Nested Types¶
This tutorial demonstrates working with struct and list columns.
Runnable example
The complete code is in examples/nested_types.py.
Define schemas with nested types¶
from colnade import Column, Schema, Struct, List, UInt64, Float64, Utf8
class Address(Schema):
city: Column[Utf8]
zip_code: Column[Utf8]
class UserProfile(Schema):
id: Column[UInt64]
name: Column[Utf8]
address: Column[Struct[Address]]
tags: Column[List[Utf8]]
scores: Column[List[Float64]]
Struct field access¶
Access fields within a struct column using .field():
# Filter by struct field value
new_yorkers = df.filter(
UserProfile.address.field(Address.city) == "New York"
)
# Check if a struct field is not null
df.filter(UserProfile.address.field(Address.zip_code).is_not_null())

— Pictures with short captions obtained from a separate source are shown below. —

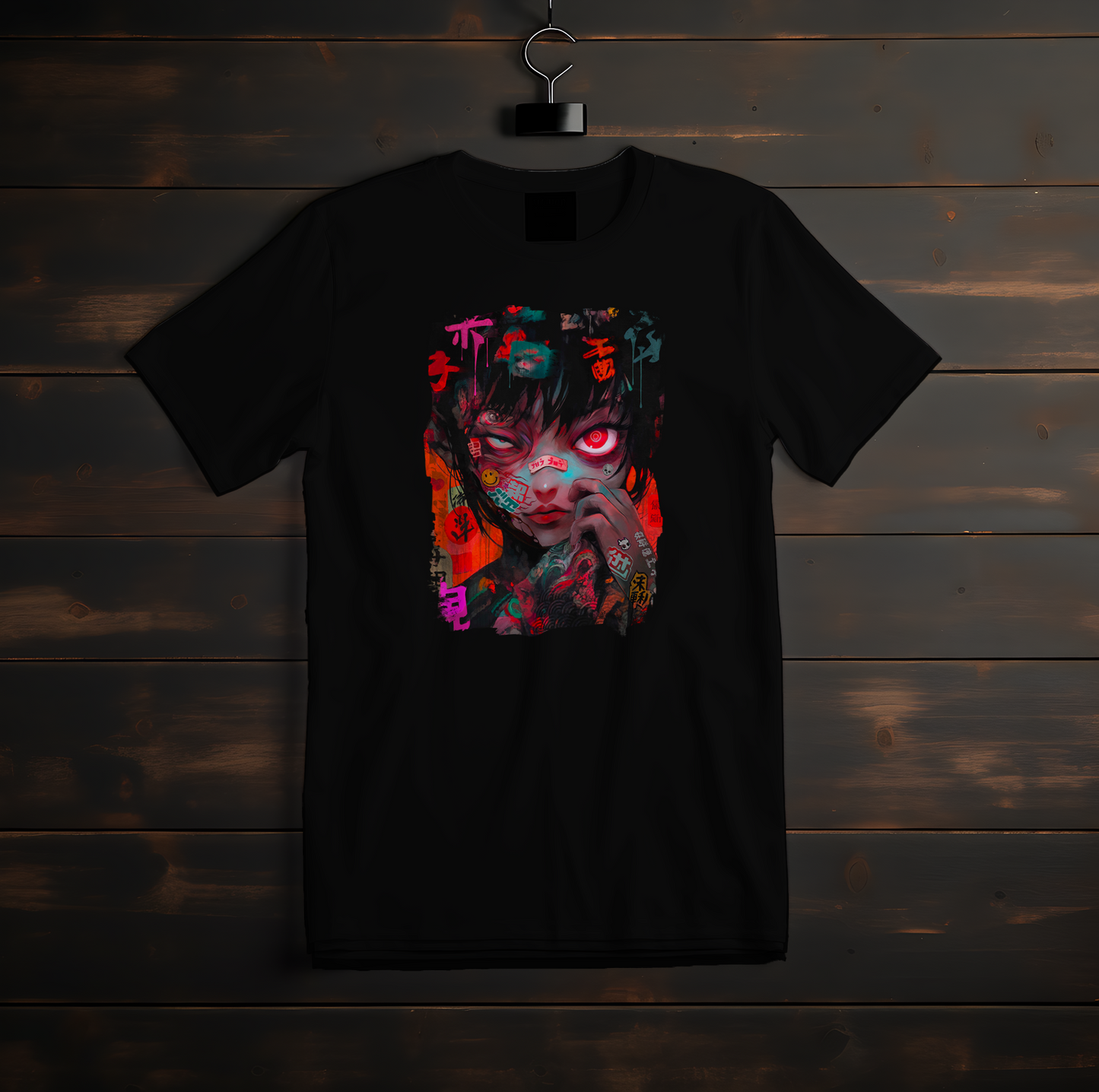 HARU - Custom Ink Printing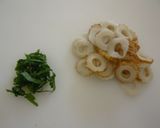 食物繊維たっぷり★きのこと海藻サラダ作り方5写真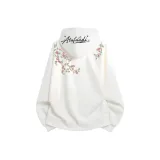 Белый [Тяжелый, утолщенный, с флисовой подкладкой]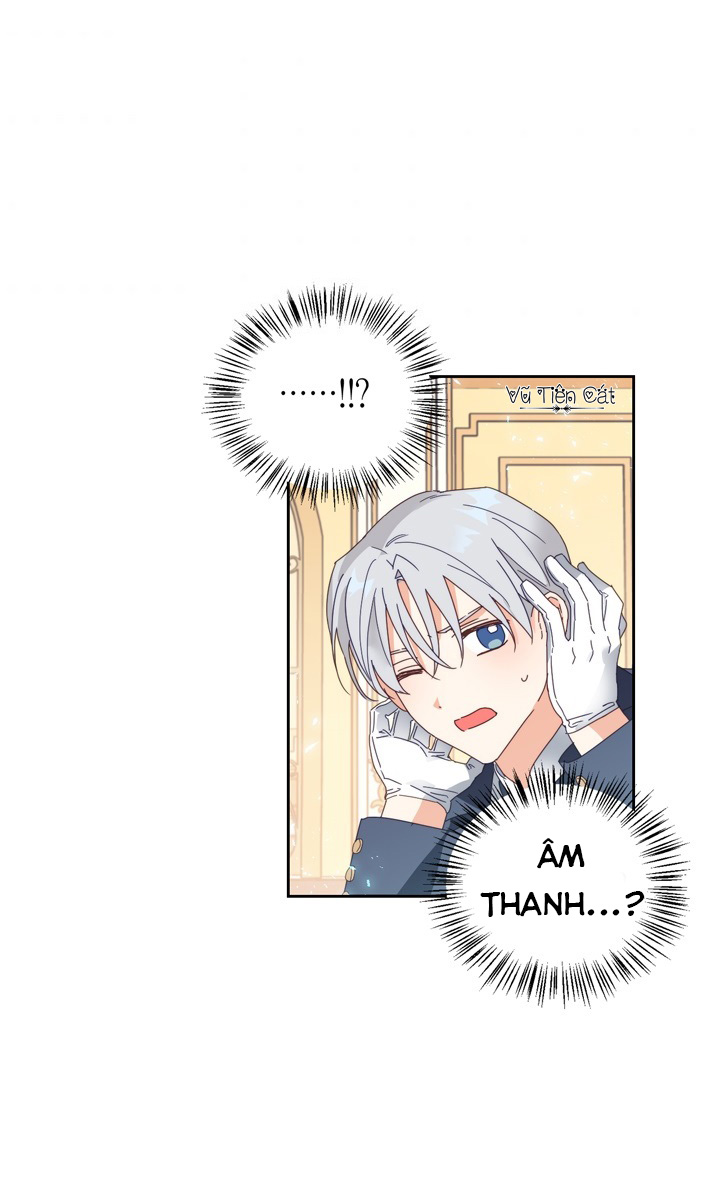 ác nữ xứng đôi với bạo chúa chapter 54 50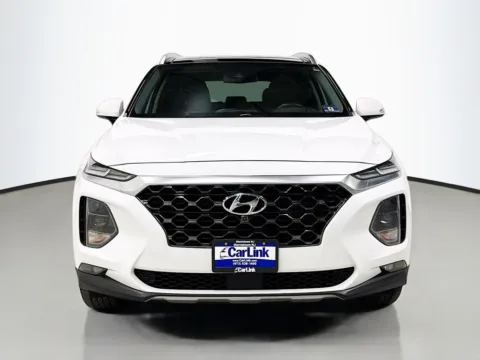 Photos of 2019 Hyundai Santa Fe Ultimate for sale in Morristown, NJ at CarLink Morristown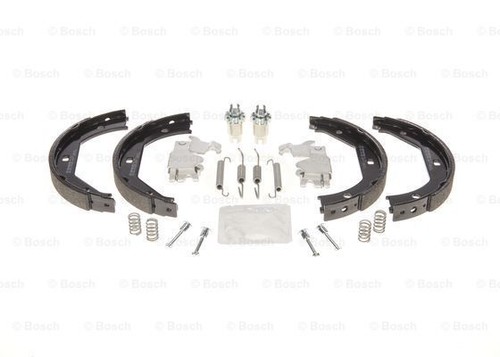 Bosch bremsbacke 204 113 - 204, 806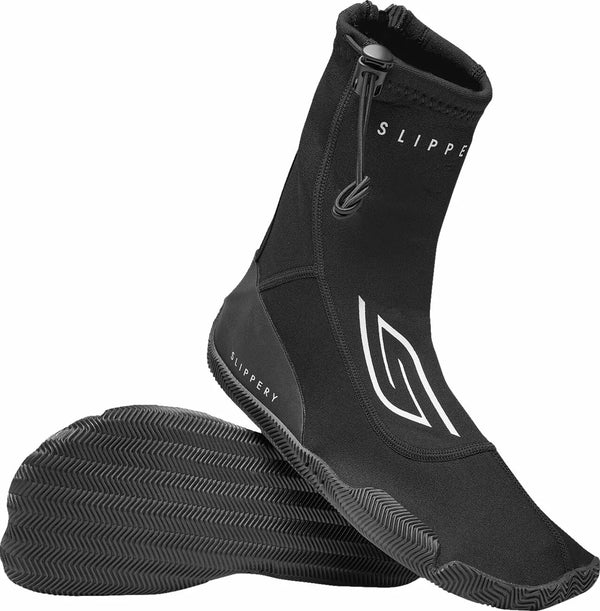 Boot glissant AMP Slippery Bk 7 3261-0196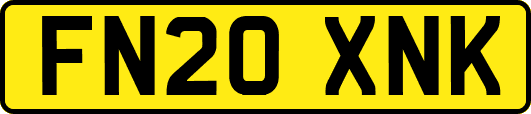 FN20XNK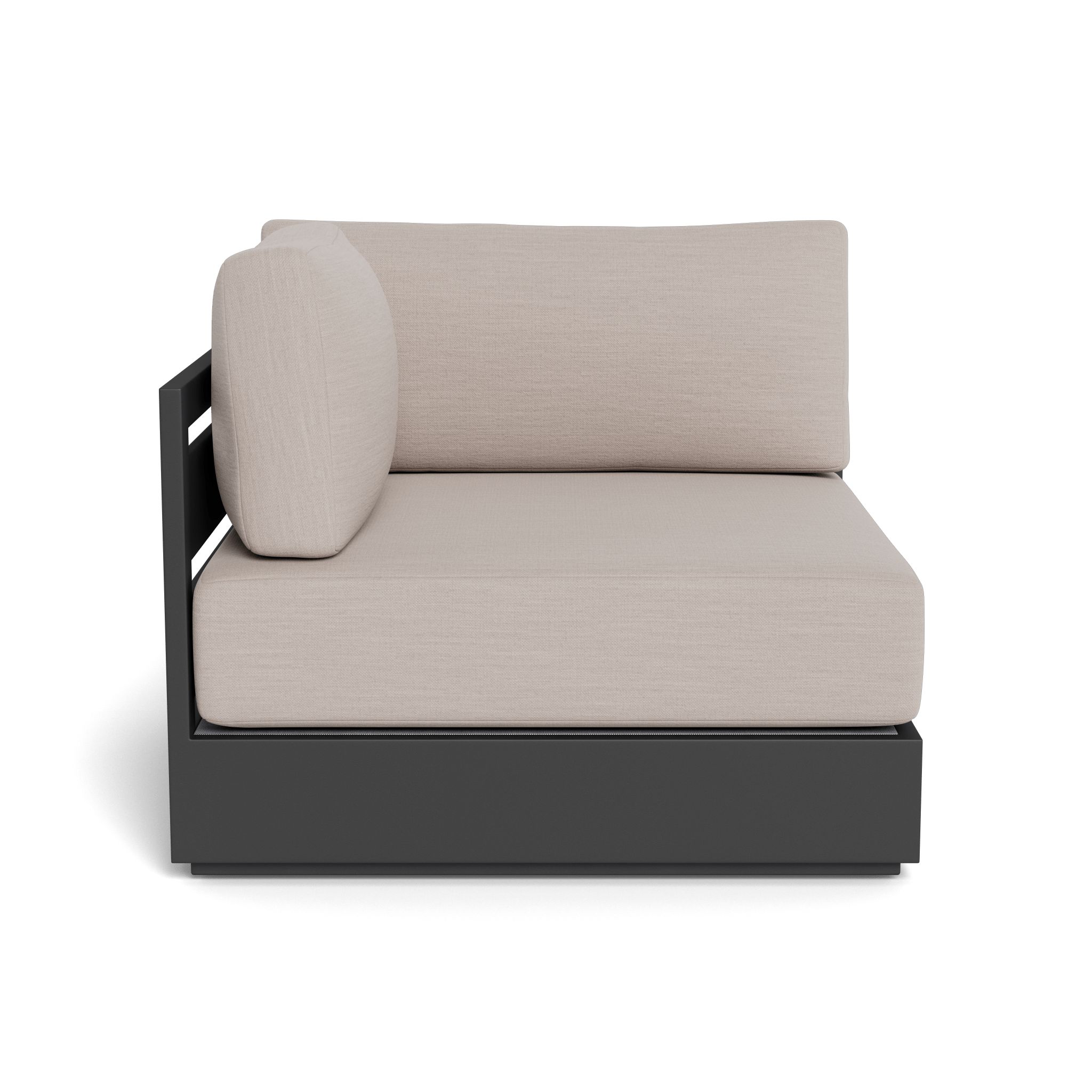 Harbour Hayman Aluminum Corner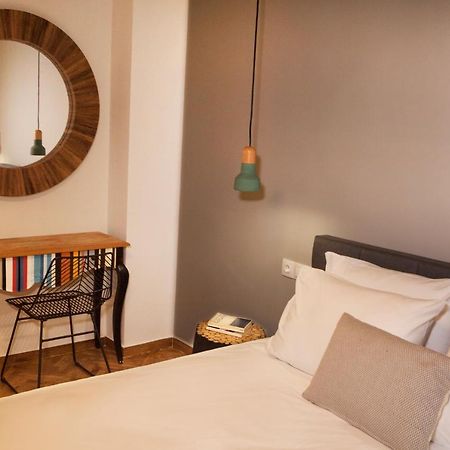 Central Comfy Modern Flat 2 Bedrooms 2 Bathrooms Atenas Exterior foto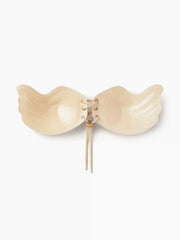 Lace Up Reusable Adhesive Push Up Nipple Cover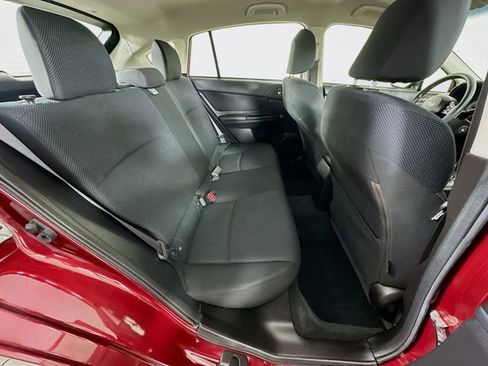 Used 2012 Subaru Impreza 2.0i Premium w/ Popular Pkg 1 image 8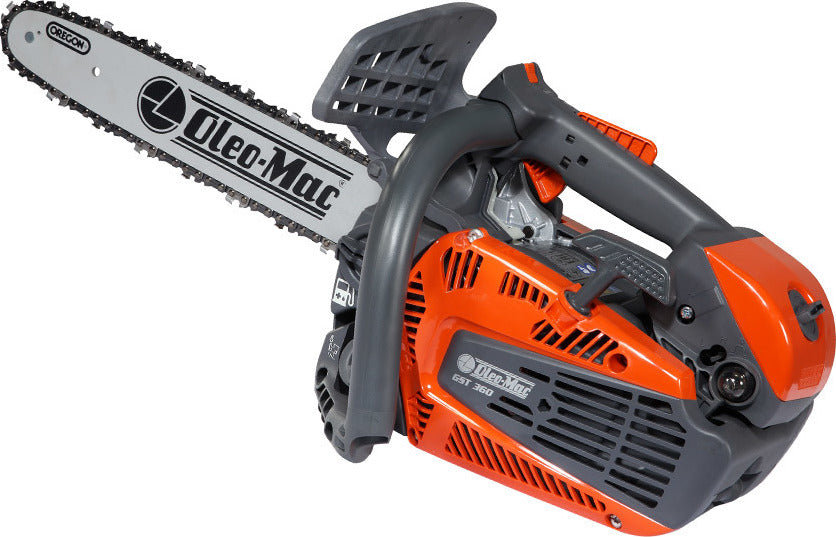 Oleo-Mac GST 360 Κλαδευτικό αλυσοπρίονο βενζίνης 3.8Kg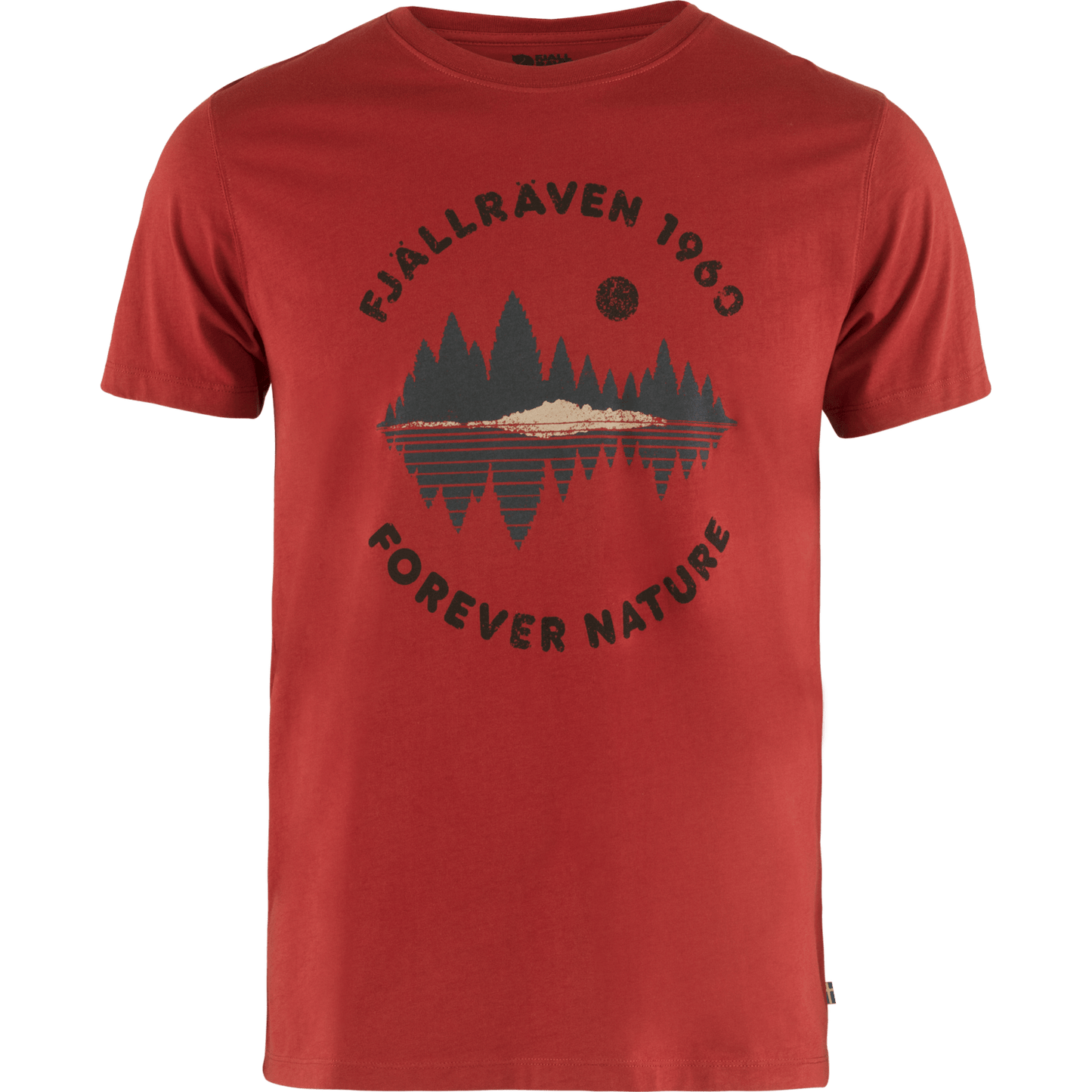 Forest Mirror T-shirt M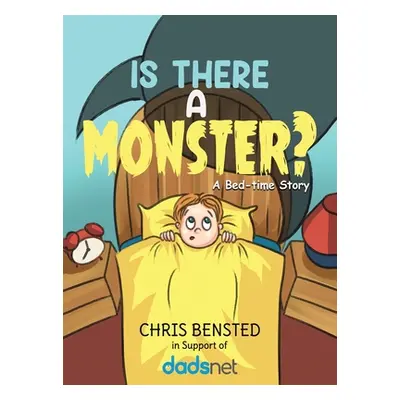 "Is There a Monster?" - "" ("Bensted Chris")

.field(Address.city) creates a StructFieldAccess node. The backend translates it to pl.col("address").struct.field("city").
List operations¶
Access list methods via the .list property:
# Count elements in each list
tag_counts = df.with_columns(
UserProfile.tags.list.len().alias(UserProfile.tags)
)
# Check if list contains a value
python_users = df.filter(
UserProfile.tags.list.contains("python")
)
# Get element by index (0-based)
first_tags = df.with_columns(
UserProfile.tags.list.get(0).alias(UserProfile.tags)
)
# Aggregate list elements (numeric lists)
score_totals = df.with_columns(
UserProfile.scores.list.sum().alias(UserProfile.scores)
)
Available list methods¶
| Method | Description | Return type |
|---|---|---|
.list.len() |
Number of elements | ListOp[UInt32] |
.list.get(i) |
Element at index | ListOp[Any] |
.list.contains(v) |
Contains value? | ListOp[Bool] |
.list.sum() |
Sum of elements | ListOp[Any] |
.list.mean() |
Mean of elements | ListOp[Any] |
.list.min() |
Minimum element | ListOp[Any] |
.list.max() |
Maximum element | ListOp[Any] |